Just wanted to give an update, I ordered the Savage Arms Model 11 Trophy Predator Hunter XP Realtree Hardwoods in the regular camo and got it from the ammo/gun dealer from the north side of Grand Rapids today chambered in 22-250. Costed me just under $600 out the door. Great gun! Within a box of rounds I got it sighted into a 4 shot 1/2" group at 200yds. The group was an inch high and an inch to the left but had to call that good for now because the club was wanting to do some range upgrades:sad:. Almost no drop between 100yds and 200yds. Should be able to down a coyote:evilsmile:bouncy:.


----------



## Swamp Monster (Jan 11, 2002)

Sounds like you got a winner. Certainly a nice package for a really good price.


----------



## 2 GUNS (Dec 11, 2012)

Nitro225Optimax said:


> It sounds like the Savage package might be best then, save to get it dipped/coated.
> 
> That and it might be time to go walk around a gun show and look too.

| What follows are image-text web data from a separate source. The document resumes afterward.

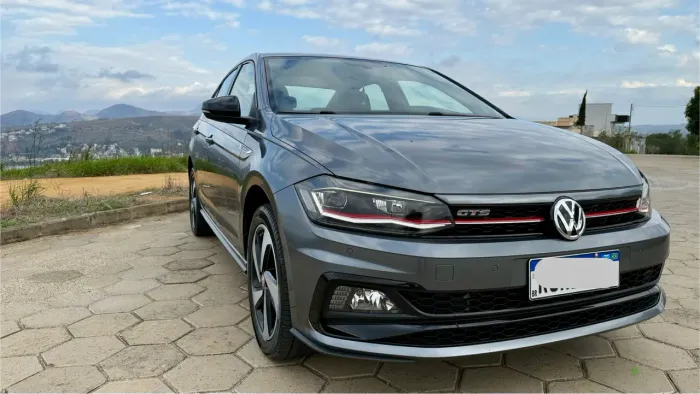 Volkswagen Virtus GTS 1.4 TSI 16V Flex 4P 2020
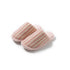 Stripe Clash Slippers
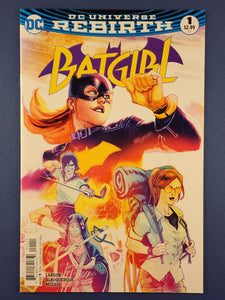 Batgirl Vol. 5  # 1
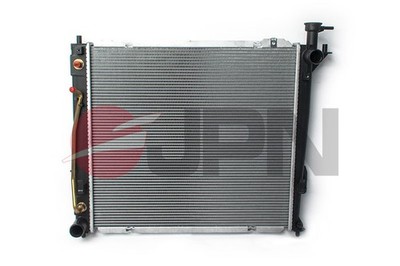 Motorkühler Wasserkühler JPN 60C0552-JPN für HYUNDAI SANTA FÉ 3 DM DMA 2 CM CRDi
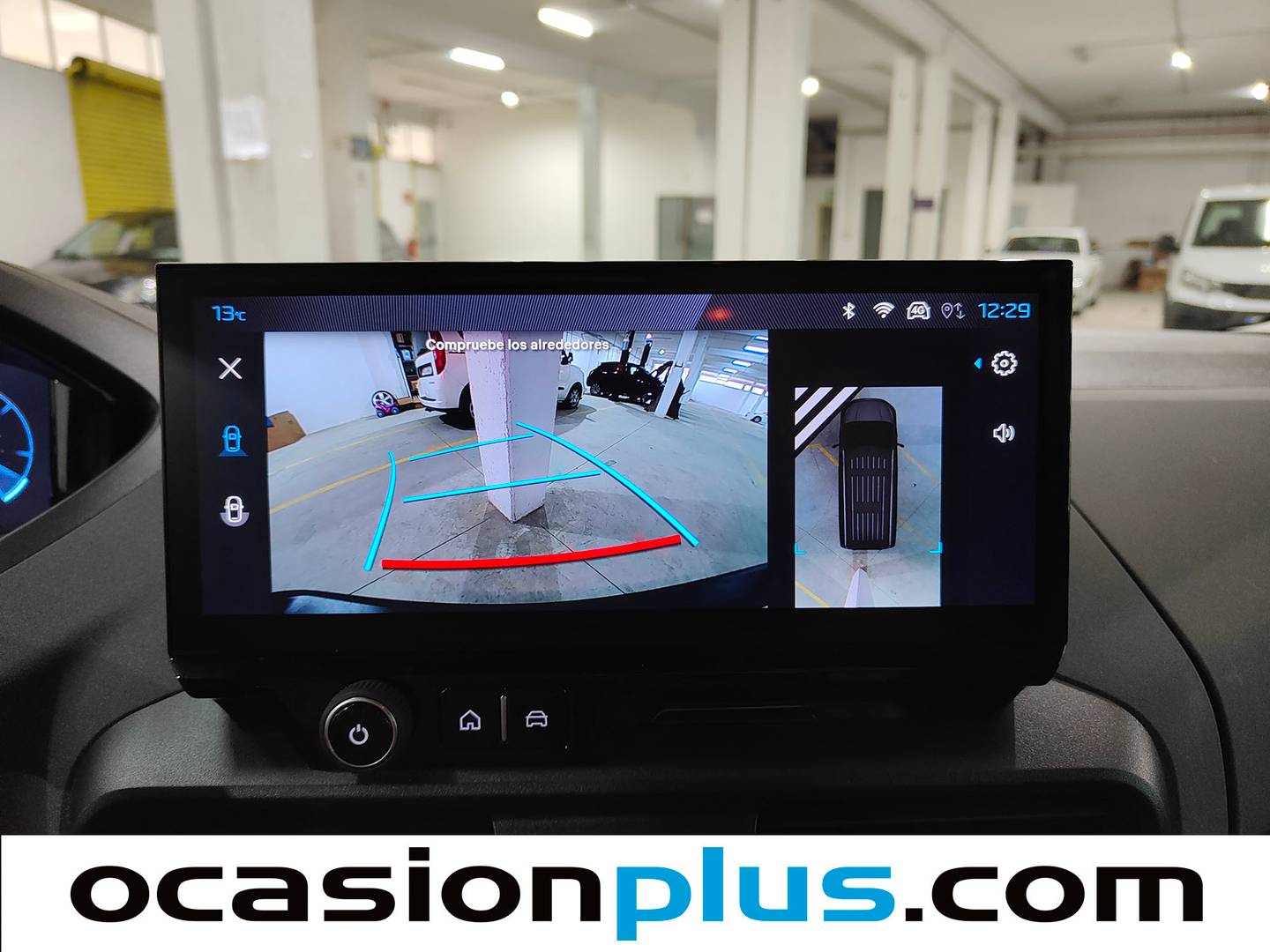 Foto Peugeot Rifter Peugeot Rifter BlueHDi 130 GT Long EAT8 (130 CV) 7 Plazas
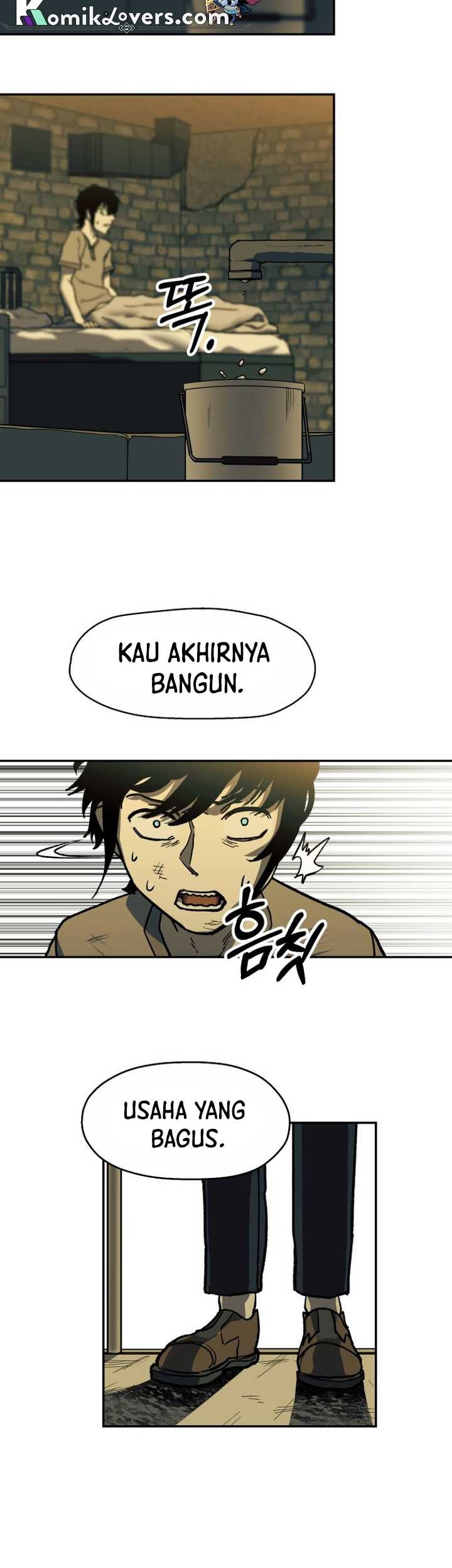 Surviving the Apocalypse Bab 02 halaman 14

I have a savage axis in .223 with real tree hardwoods camo stock. Used camo gun wrap on the barrel and action and put a Nikon Coyote Special in max 4 AP realtree on it. Right around $500, shoots like a dream.


----------



## N.E. Outdoorsman (Sep 18, 2006)

My TC .204 has an awesome camo finish. It's a neat rifle and fun to shoot.


----------